Return exactly the span of lines in the following data that opens with the line containing "So I'm going" and closes with the line containing "What are the". Include nothing else.

────────

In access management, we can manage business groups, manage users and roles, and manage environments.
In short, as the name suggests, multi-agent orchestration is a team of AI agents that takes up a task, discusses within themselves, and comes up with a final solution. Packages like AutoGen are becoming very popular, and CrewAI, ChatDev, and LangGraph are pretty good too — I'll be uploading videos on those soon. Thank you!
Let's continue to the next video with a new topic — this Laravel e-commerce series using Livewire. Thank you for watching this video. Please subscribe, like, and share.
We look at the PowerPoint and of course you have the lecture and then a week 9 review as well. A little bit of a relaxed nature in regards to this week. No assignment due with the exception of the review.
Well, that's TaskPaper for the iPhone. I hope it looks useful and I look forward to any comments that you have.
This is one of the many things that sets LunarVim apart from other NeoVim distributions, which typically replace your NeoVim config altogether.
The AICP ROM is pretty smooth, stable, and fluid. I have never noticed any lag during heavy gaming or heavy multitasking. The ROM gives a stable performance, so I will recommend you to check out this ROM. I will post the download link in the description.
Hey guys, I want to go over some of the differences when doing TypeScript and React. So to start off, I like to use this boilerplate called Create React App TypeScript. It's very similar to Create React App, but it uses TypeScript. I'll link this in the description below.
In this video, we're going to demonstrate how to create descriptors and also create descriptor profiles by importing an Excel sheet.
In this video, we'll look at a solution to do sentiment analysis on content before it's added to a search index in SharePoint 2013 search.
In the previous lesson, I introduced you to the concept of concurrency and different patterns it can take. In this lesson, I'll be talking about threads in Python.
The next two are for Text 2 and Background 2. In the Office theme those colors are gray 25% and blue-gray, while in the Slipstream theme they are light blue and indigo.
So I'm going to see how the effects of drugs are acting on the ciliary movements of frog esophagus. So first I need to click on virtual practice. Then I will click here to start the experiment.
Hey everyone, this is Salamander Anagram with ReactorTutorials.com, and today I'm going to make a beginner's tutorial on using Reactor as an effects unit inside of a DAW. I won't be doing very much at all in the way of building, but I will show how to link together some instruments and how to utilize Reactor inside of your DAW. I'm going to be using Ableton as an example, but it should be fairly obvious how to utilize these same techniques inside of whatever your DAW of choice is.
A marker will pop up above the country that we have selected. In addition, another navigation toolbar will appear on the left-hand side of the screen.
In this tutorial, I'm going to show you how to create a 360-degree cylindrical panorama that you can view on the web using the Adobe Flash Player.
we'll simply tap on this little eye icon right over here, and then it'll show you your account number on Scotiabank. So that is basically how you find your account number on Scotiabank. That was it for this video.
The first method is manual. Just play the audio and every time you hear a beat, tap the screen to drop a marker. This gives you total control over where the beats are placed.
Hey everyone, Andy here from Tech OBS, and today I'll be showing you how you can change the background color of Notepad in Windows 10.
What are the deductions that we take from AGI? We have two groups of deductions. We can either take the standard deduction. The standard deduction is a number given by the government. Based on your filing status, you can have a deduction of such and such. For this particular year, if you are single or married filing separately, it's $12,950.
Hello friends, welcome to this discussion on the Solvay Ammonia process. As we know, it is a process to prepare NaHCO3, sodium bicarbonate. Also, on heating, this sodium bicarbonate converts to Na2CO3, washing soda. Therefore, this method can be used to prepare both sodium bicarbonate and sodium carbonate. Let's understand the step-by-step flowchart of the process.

────────

Reply -
So I'm going to see how the effects of drugs are acting on the ciliary movements of frog esophagus. So first I need to click on virtual practice. Then I will click here to start the experiment.
Hey everyone, this is Salamander Anagram with ReactorTutorials.com, and today I'm going to make a beginner's tutorial on using Reactor as an effects unit inside of a DAW. I won't be doing very much at all in the way of building, but I will show how to link together some instruments and how to utilize Reactor inside of your DAW. I'm going to be using Ableton as an example, but it should be fairly obvious how to utilize these same techniques inside of whatever your DAW of choice is.
A marker will pop up above the country that we have selected. In addition, another navigation toolbar will appear on the left-hand side of the screen.
In this tutorial, I'm going to show you how to create a 360-degree cylindrical panorama that you can view on the web using the Adobe Flash Player.
we'll simply tap on this little eye icon right over here, and then it'll show you your account number on Scotiabank. So that is basically how you find your account number on Scotiabank. That was it for this video.
The first method is manual. Just play the audio and every time you hear a beat, tap the screen to drop a marker. This gives you total control over where the beats are placed.
Hey everyone, Andy here from Tech OBS, and today I'll be showing you how you can change the background color of Notepad in Windows 10.
What are the deductions that we take from AGI? We have two groups of deductions. We can either take the standard deduction. The standard deduction is a number given by the government. Based on your filing status, you can have a deduction of such and such. For this particular year, if you are single or married filing separately, it's $12,950.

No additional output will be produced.